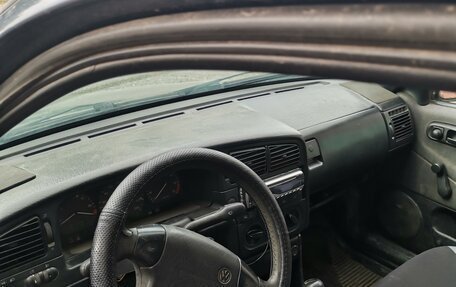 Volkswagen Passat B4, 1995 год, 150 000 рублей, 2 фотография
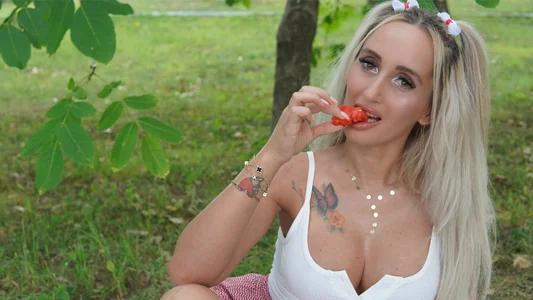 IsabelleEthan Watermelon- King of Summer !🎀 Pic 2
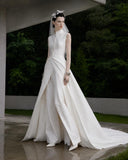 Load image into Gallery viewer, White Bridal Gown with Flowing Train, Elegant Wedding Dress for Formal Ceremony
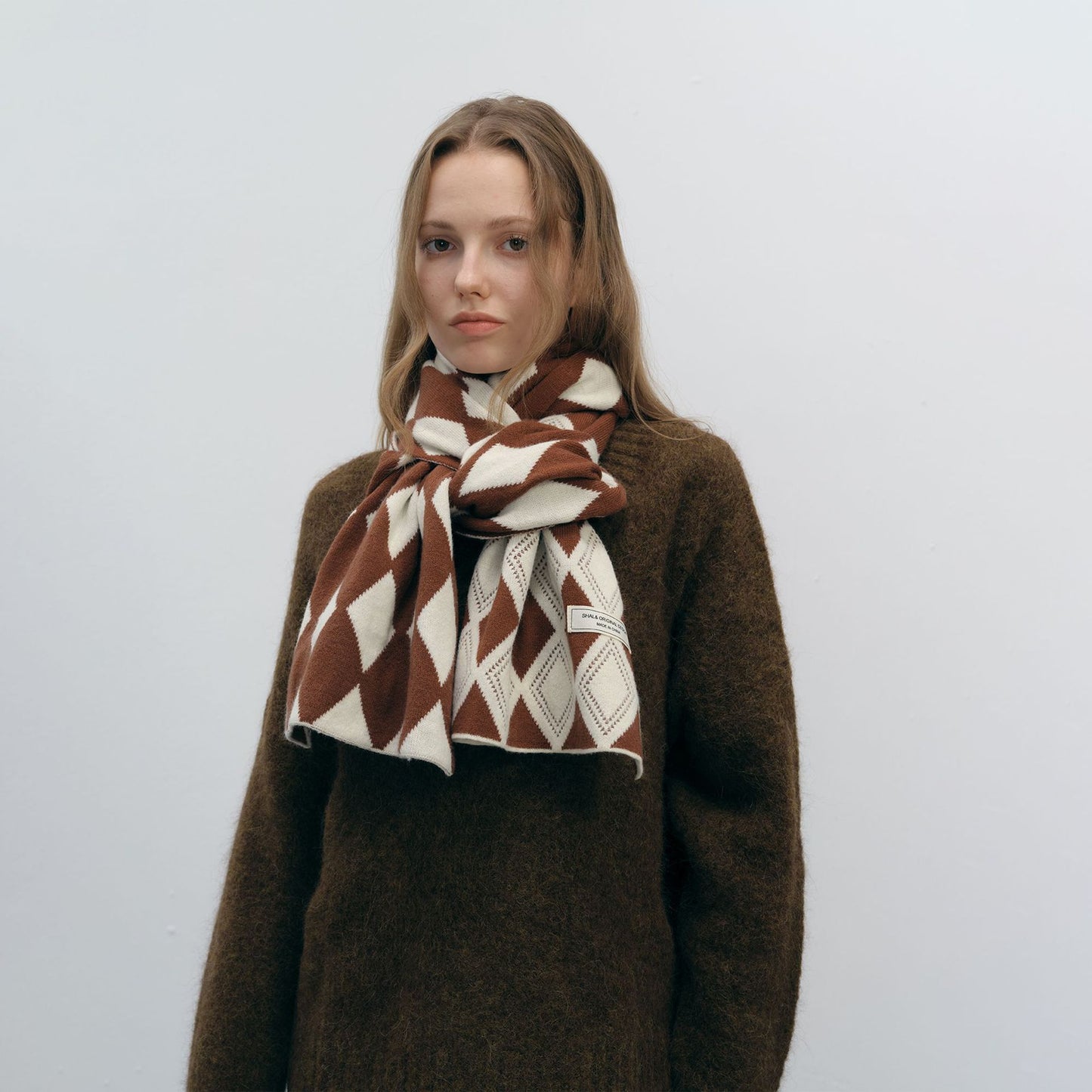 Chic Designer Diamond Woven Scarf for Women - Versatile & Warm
************
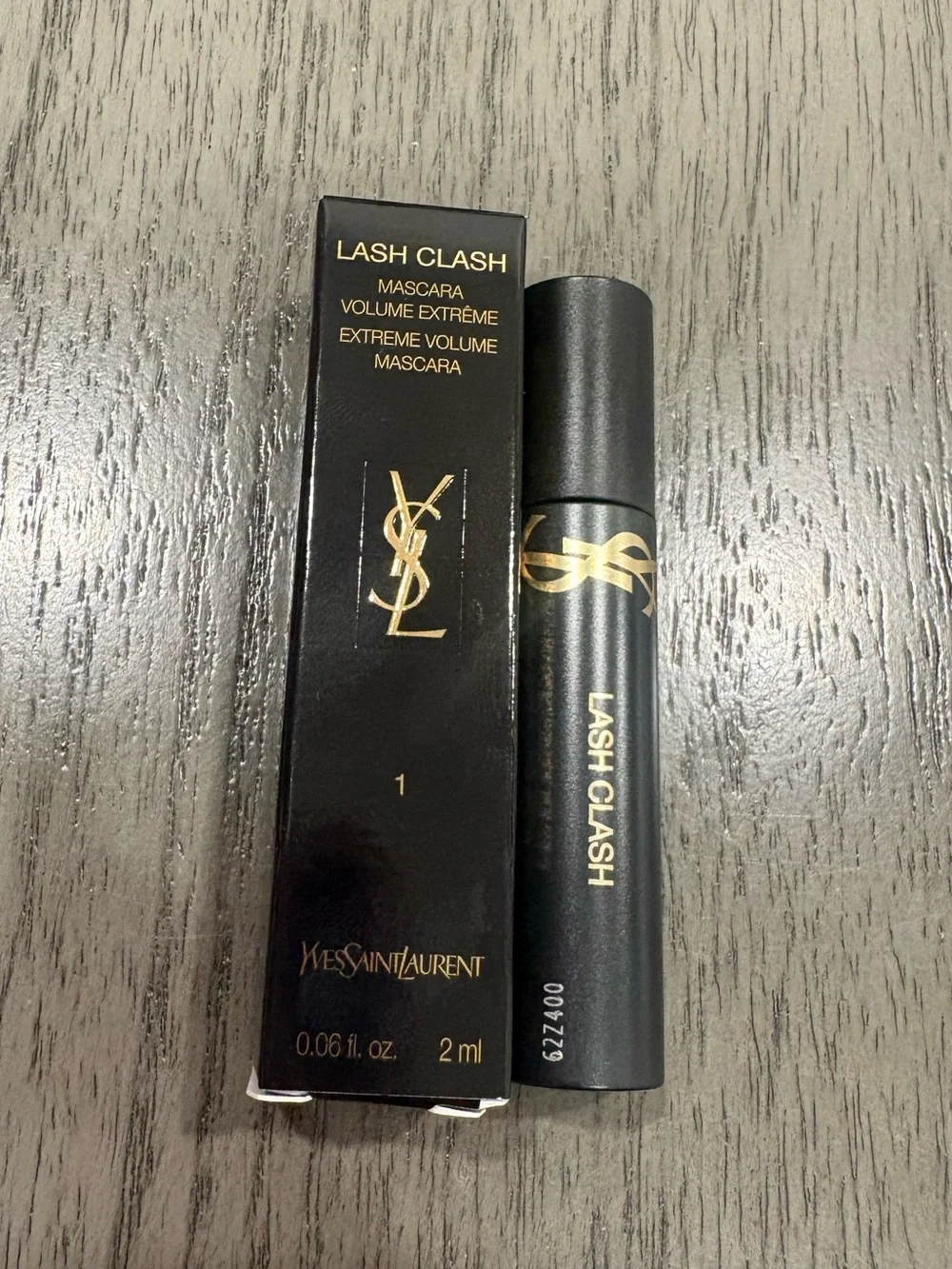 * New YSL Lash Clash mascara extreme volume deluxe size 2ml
************
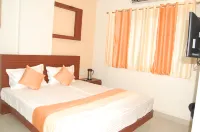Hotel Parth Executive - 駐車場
************
> **Task brief**:
Beginning with the line above that has "Load image into" and going on through the line that has "Chic Designer Diamond", retype every line exactly and add nothing else; drop the pictures.

> **Solution below**:
 Load image into Gallery viewer, White Bridal Gown with Flowing Train, Elegant Wedding Dress for Formal Ceremony
 Chic Designer Diamond Woven Scarf for Women - Versatile & Warm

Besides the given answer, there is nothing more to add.